The Solid Framework Core Model is our in-memory model of the reconstructed content of your PDF file. We reconstruct clean Unicode text, in reading order, and provide the bounds of the major text blocks as per their position in the original PDF layout.
Typically, we then export from this model to another format like Word .docx but this sample shows you how to iterate this model programmatically in-memory.
The sample outputs two files:
- a text file that includes the bounding box coordinates and text for each of the text blocks.
- an HTML file that visually illustrates the different bounding rectangles for all the text blocks/paragraphs in the PDF.
The source code and SDK for this sample is provided in the form of a zip file, the project file below and the Solid Framework C++ for Windows SDK zip file, available from the developer portal (self-service).
Steps to Extracting Text from Model – C++ Sample Application
- Download the TextBounding.zip (6KB)
- Create a directory like C:\SampleCode and download and extract the sample project into your new directory.
- Create a free portal account and generate a Developer SDK license.
- Download the Solid Framework Native SDK and extract it into your new directory.Note:It must be in the same directory as TextBounding.zip.
- Extract the .zip file above and the x86 or x64 Solid Framework C++ for Windows zip file from the developers portal (without editing the path names) into your new directory).
- Open TextBounding.sln in Visual Studio.
- Right click on the project and select Rebuild.
- Open a cmd window and navigate to your project’s Debug folder where the .exe file of the project is. i.e cd C:\SampleCode\Debug.

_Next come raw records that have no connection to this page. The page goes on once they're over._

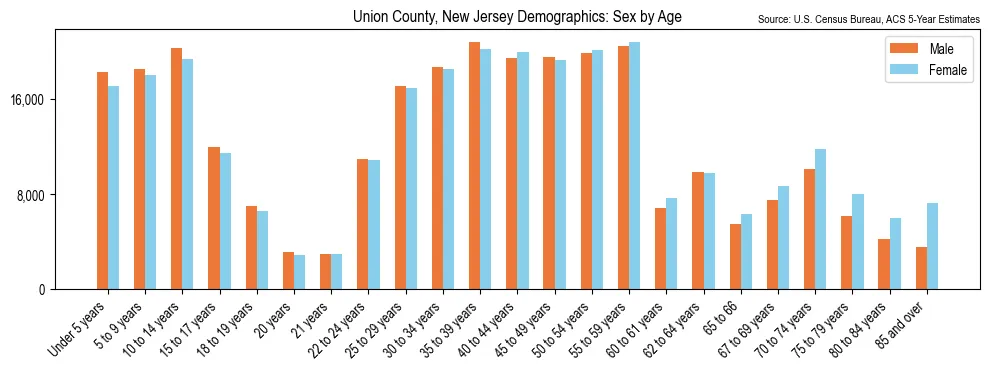Population by age and sex in Union County, New Jersey, based on 2023 ACS data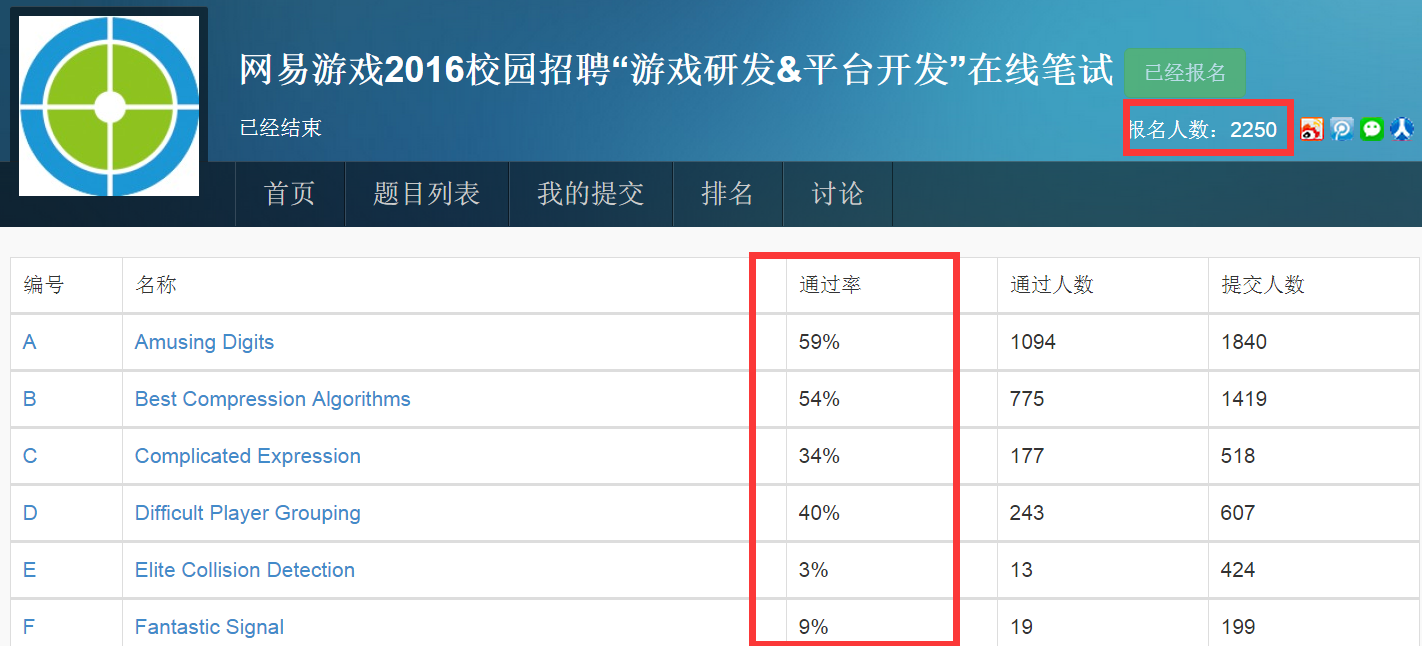 网易游戏2014笔试_网易游戏gui笔试_网易游戏笔试题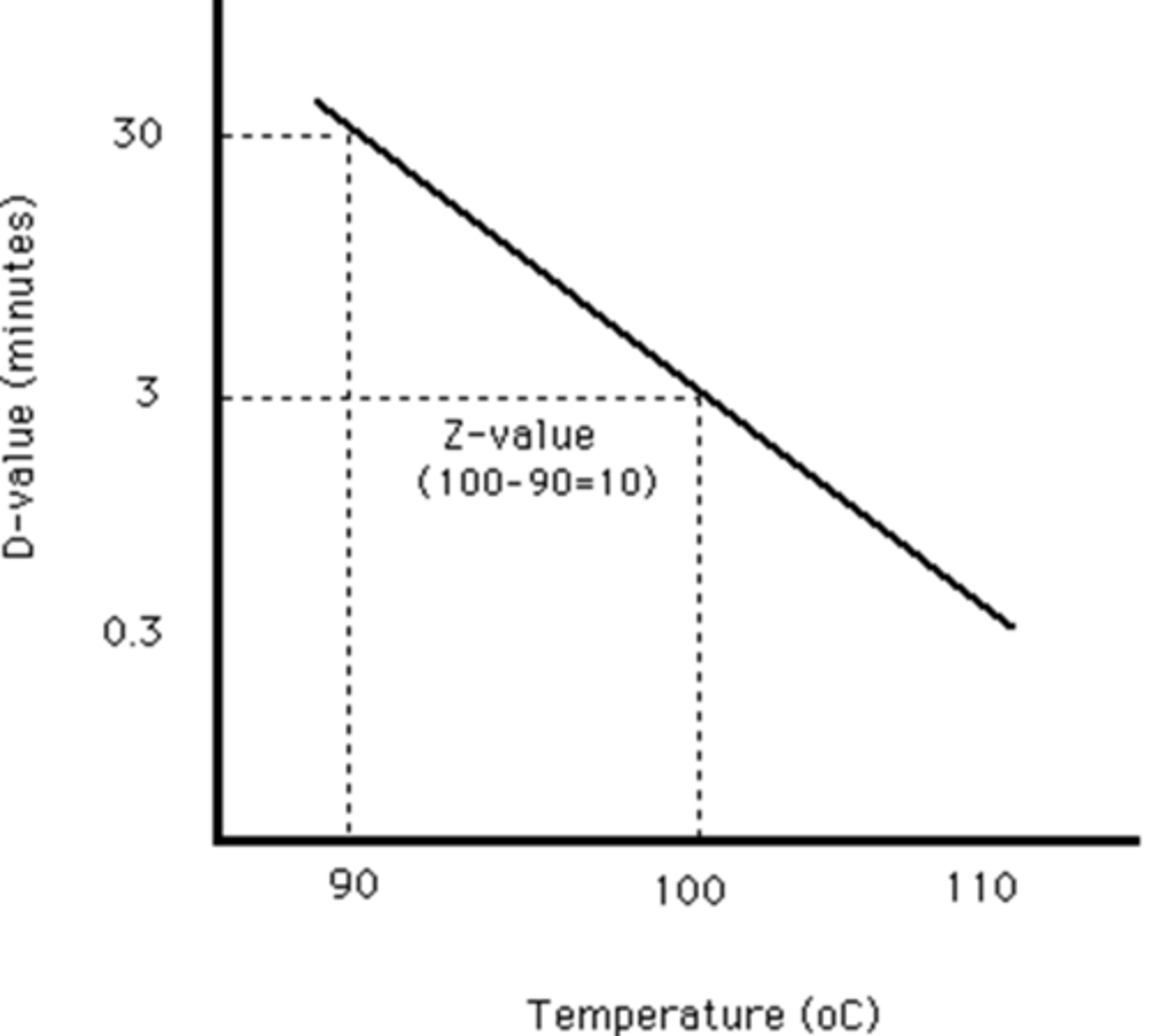 <p>The temperature change that is required to change the D value by a factor of 10.</p><p>So from 1D100 to 1D90 (time taken to kill 90% of the original population at 100 degrees C which would take 3 minutes to 90 degrees C which would take 10 minutes).</p><p>(The temperature is the factor you alter because number after D is the temp).</p>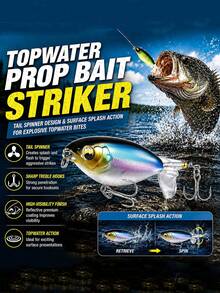 5PCS Lure Long Cast Floating Lure Set Freshwater Fishing Snakehead With Propeller Lure - Multicolor - View 7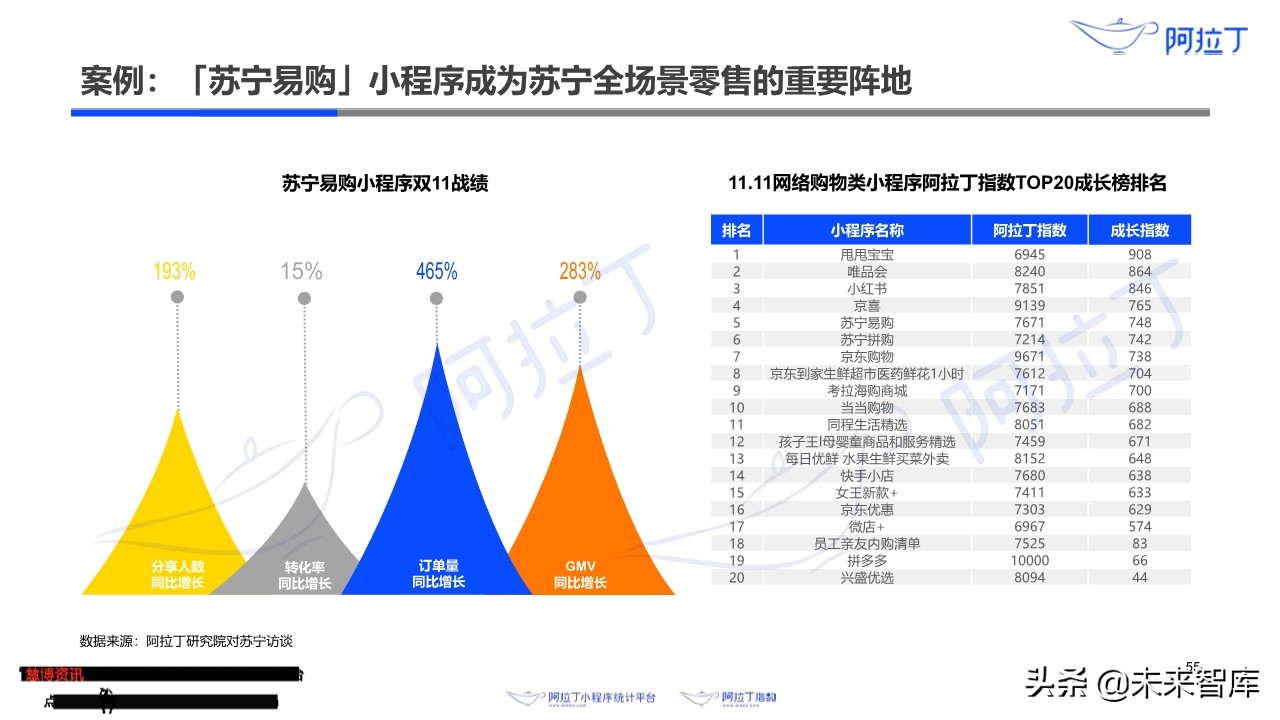小程序互联网发展白皮书2019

- Type in the name of your .exe file followed by the paths to the following files:
- Your license.xml file
- The pdf file to parse
- Path to where you want your .html file to be saved to
- Path where you want your .txt file to be saved to
i.e. TextBounding.exe C:\SampleCode\license.xml C:\SampleCode\YourPDF.pdf C:\SampleCode\layout.html C:\SampleCode\layout.txt
- Press Enter. You can then view the .html file which visually illustrates the reconstructed text blocks/paragraphs and their bounds.